Como o Movimento dos Trabalhadores Rurais sem Terra
(MST) do Brasil teve um rol muito ativo na impulsão
desta iniciativa, estabelecemos um intercâmbio com João Pedro
Stédile, membro da Coordenação Nacional desta
organização, cuja reflexões apresentamos na continuação.
- Quais
fatores e atores foram agravantes para a derrota
da ALCA?
Em
essência, com a ALCA se buscou armar um aparato jurídico
para proteger as operações das empresas estadunidenses
orientadas a tomar o controle do mercado das Américas. E
para isso, se necessitava liberdade total do comércio,
anulando qualquer medida soberana dos governos
nacionais. E a implantação da moeda estadunidense ea
proteção jurídica plena a seus investimentos.
Porém, para
que se concretizasse esse projeto,era necessário o apoio
de todos os governos da região. Mas resulta que, a
partir de Hugo Chávez, em diversos países foram eleitos
governos anti-neoliberais, reconfigurando um cenário que
terminou por obstaculizar o avanço da ALCA.
Por outro
lado, o governo dos Estados Unidos já estava fragilizado
em suas propostas neoliberais, ao mesmo tempo em que
perdia terreno com as derrotas político-militares no
Oriente Médio.
E esse quadro
se completa com a resistência popular em diversos países
do continente. Em alguns, a resistência se organiza em
forma de campanha explicitamente contra a ALCA. Em
outros, se apresenta como mobilizações populares,
localizadas, contra o neoliberalismo, o qual significava
estar contra o livre comércio e a subordinação aos
Estados Unidos.
Ademais,
em alguns países é evidente que também agravou, com peso
relativo, a postura de alguns setores empresariais
locais, que não se sentiam cômodos com a subordinação
total aos interesses dos Estados Unidos, já que
implicava uma perda de parte de sua taxa de lucro para
benefício das empresas estadunidenses.
- Quais são as principais lições que você
extrai dessas jornadas?
São muitas
lições e aprendizagens desse período. Difícil nomear a
todos ou estabelecer critérios por importância. Porém,
cabe destacar a realização de referendos populares, de
consultas ao povo, e também a realização de assembleias
populares massivas, pois contribuíram para que se
implemente uma significativa pedagogia de massas, que
ajudou a que o povo entendesse o que estava em jogo, ao
politizar o debate, e a que participasse, ainda que de
maneira simples: com o voto em contra.
Também foi importante a unidade entre a maioria
dos movimentos populares de cada país contra a ALCA, já
que era a principal bandeira de luta contra o
neoliberalismo. Isso ajudou a superar os protagonismos,
o sectarismo e outras práticas comuns entre nossos
movimentos.
- Especificamente, o que significou nesse
momento o nascimento da ALBA?
Nesse
contexto, foi agravante a visão estratégica e
continental do presidente Hugo Chávez com a proposta da
ALBA, sob as premissas de que: a) não é suficiente
criticar aos Estados Unidos e a integração do capital,
assumindo que é preciso apresentar outra proposta de
integração, alternativa, uma integração que precisa ir
além dos governos para adquirir um caráter popular; b)

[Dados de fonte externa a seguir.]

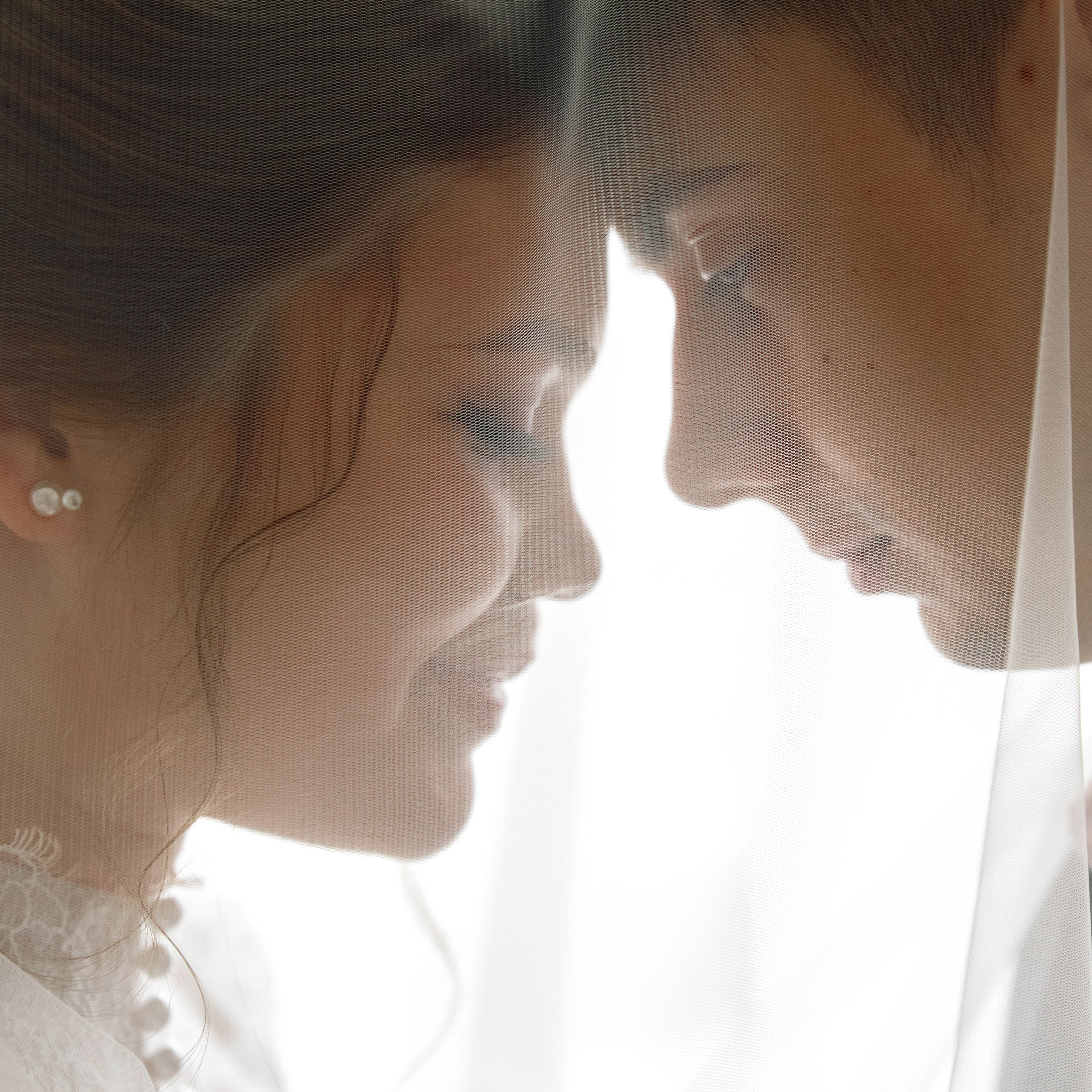 Свадьба. Александр Кормилицин — Семейный и свадебный фотограф в Москве и Московской области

utilizou toda sua experiência e carisma para articular
governantes anti-neoliberais e progressistas em torno da
proposta da ALBA. E tanto assim que anuncia esta
perspectiva no ato da derrota da ALCA, em Mar del Plata
Argentina -, durante o famoso rali popular em um
estádio de futebol com milhares de militantes argentinos
e das Américas; c) o seguinte passo, com sentido
político, foi que não poderia ser só uma articulação dos
Estados ou governos, mas também deveria envolver as
forças populares que atuam de maneira independente dos
espaços institucionais.
- No novo cenário após a derrota da ALCA,
na agenda oficial se fortalece a perspectiva de uma
integração soberana que, ademais da ALBA, se traduz
na conformação da UNASUL e, posteriormente, da
CELAC, assim como repercute em uma redefinição de
outros projetos de integração, como o Mercosul, nos
quais se abrem espaços para a participação de
movimentos sociais. Como entender que essa abertura
tenha ficado no plano formal? Qual a
responsabilidade dos próprios movimentos para isso
seja assim?
Em primeiro
lugar, desde um ponto de vista institucional depois da
derrota da ALCA e do surgimento da ALBA, não se
conseguiu aglutinar a maioria dos governos. Assim, desde
o ponto de vista governamental, este se limitou a sete
ou oito países, e de economias não muito representativas
para o continente. Sabendo que, em realidade, a economia
se move com o peso de México, Colômbia, Brasil e
Argentina.
Ante essas
circunstâncias, o presidente Chávez acertou ao mover-se
para criar outros espaços que não eram tão populares
como alternativas, mas representavam a possibilidade de
uma unidade do continente contra o governo dos Estados
Unidos e Canadá. E daí surgiu a proposta da UNASUL, na
América do Sul, e da CELAC a nível continental. As duas
iniciativas tiveram êxito, aglutinaram a todos os
países, sem Estados Unidos, e na prática enterraram a
hegemonia que os Estados Unidos tinham com a OEA.
O Mercosul,
que nunca foi um mecanismo de integração verdadeira, foi
somente um acordo comercial entre os países do sul. E
creio que já tem seus dias contados, já que necessita
migrar para um acordo de toda a América do Sul, no marco
da UNASUL. Assim como está, já não serve para nada.
O problema é
que alguns dos países governados pelos partidos
neoliberais na América do Sul estariam colocando
resistências, e prefeririam realinhar-se com os Estados
Unidos através a Aliança do Pacífico, e agora o TPP, que
abarca também parte da Ásia.
Desde o ponto
de vista institucional, a crise internacional do
capitalismo, as dificuldades com o preço do petróleo,
produto que, para a Venezuela, é sua principal fonte de
financiamento para os projetos econômicos estratégicos
para o continente, tem uma influência negativa.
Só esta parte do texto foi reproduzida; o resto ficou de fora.